Both Terry Brown (in Malaita) and Wei Choong (from her correspondence with people in SI) have observed that the rioters distinguished between 'old' and 'new' Chinese buildings, between the 'old' Chinese who have been there for generations and the 'new' who are perceived as having no real interest in SI, but are merely using it as a stepping stone to New Zealand or Australia. Of course, the 'old' Chinese were not immune from being targetted, but they did not suffer to the extent that the 'new' did, and in some cases their buildings were clearly spared.
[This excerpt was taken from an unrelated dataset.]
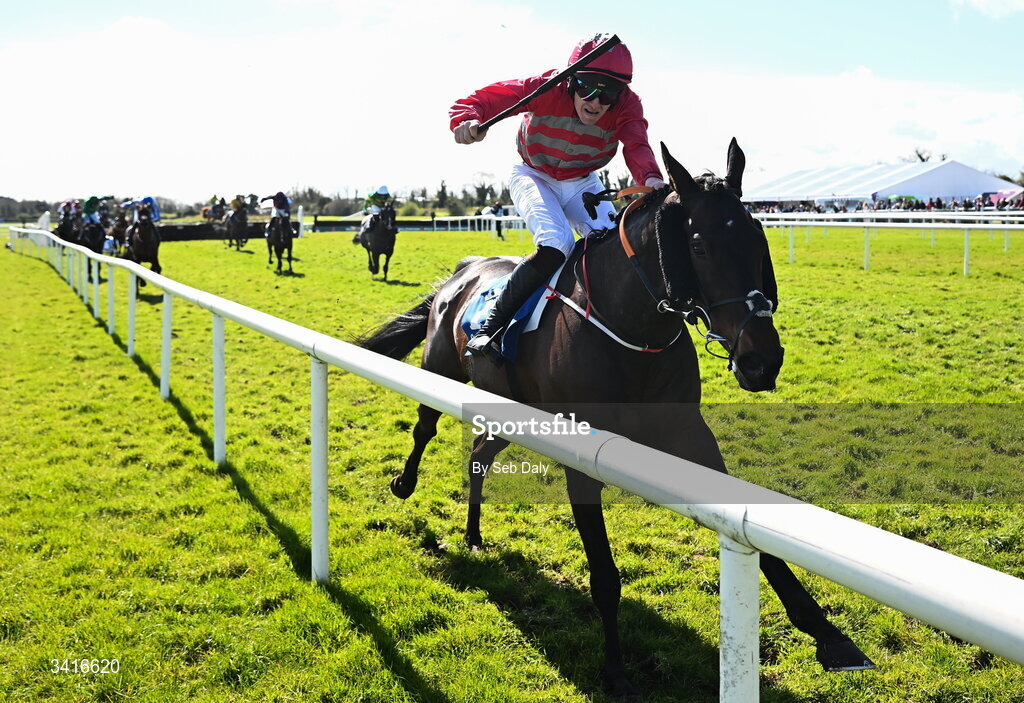 5 April 2026; Katie Daniels, with Ben Harvey up, on their way to winning the Cawley Furniture Novice Handicap Hurdle during day two of the Fairyhouse Easter Festival at Fairyhouse Racecourse in Ratoath, Meath. Photo by Seb Daly/Sportsfile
Wei Choong writes, 'It's an indication that SI's distinguish the differences, and it's something that RAMSI and others need to understand. There are so many smaller details that are now quite important to highlight.' Unfortunately Sheridan fails to do that, but only furthers the construction of Solomon Islanders as primitive and in need of rescuing by RAMSI.
Neighbour trouble
It's back to nation-building for Australia in its nearby region, reports foreign editor Greg Sheridan
The Australian, April 22, 2006
WHEN Snyder Rini was unexpectedly elected Prime Minister of Solomon Islands by his parliamentary colleagues in Honiara last Wednesday, an Australian official sent a text message to a senior colleague in Canberra telling him the news. The official received a two-word response: "Oh god." Rini's election was even less popular with the crowd outside the parliament building. It tried to storm parliament and Rini had to flee under the protection of Australian Federal Police. Rini was secretly sworn in as Prime Minister at the Governor-General's residence the next day and now faces a no-confidence motion at Monday's first parliamentary sitting.
Close observers expect a serious effort next week to resolve the immediate Solomons crisis through a political manoeuvre, either Rini's resignation, which is considered quite likely, or Rini appointing a compromise cabinet, giving his opponents key portfolios. When the Australian police took Rini out of the parliament building on Wednesday, the crowd gathered there turned from being raucous to being viciously violent.
As the world now knows, two days of rioting and looting followed. It was a catastrophic breakdown in law and order. Much of Honiara was burned to the ground.
Rini's opponents accused him of being backed by Chinese, specifically Taiwanese, money, which they said had swayed some parliamentarians' votes, and the crowd rampaged through Honiara's Chinatown. Almost every Chinese shop and business was destroyed. Then the crowd burned down the Pacific Casino Hotel, the pride of Honiara's waterfront. The hotel was owned by a local Chinese businessman.
The Howard Government responded quickly. On Thursday it sent 110 soldiers and 70 police. New Zealand and Fiji also sent smaller forces.
On Thursday night a series of telephone conversations took place involving Prime Minister John Howard, Foreign Minister Alexander Downer, James Batley, the head of the Regional Assistance Mission to Solomon Islands,, and Shane Castles, the Australian who is the Solomons police commissioner.
The results were quick. On Friday, another 110 Australian soldiers were dispatched. The crowd's violence caught everyone unawares even though Rini was a central player in the previous government, which was widely accused of corruption. Allegations of corruption also swirl around Rini.
The rage against the Chinese, allegedly on the pretext that some of them may have backed Rini, is particularly surprising. For years the key fault line of Solomons politics was ethnic hostility between the natives of the main island, Guadalcanal, and those of the second island, Malaita.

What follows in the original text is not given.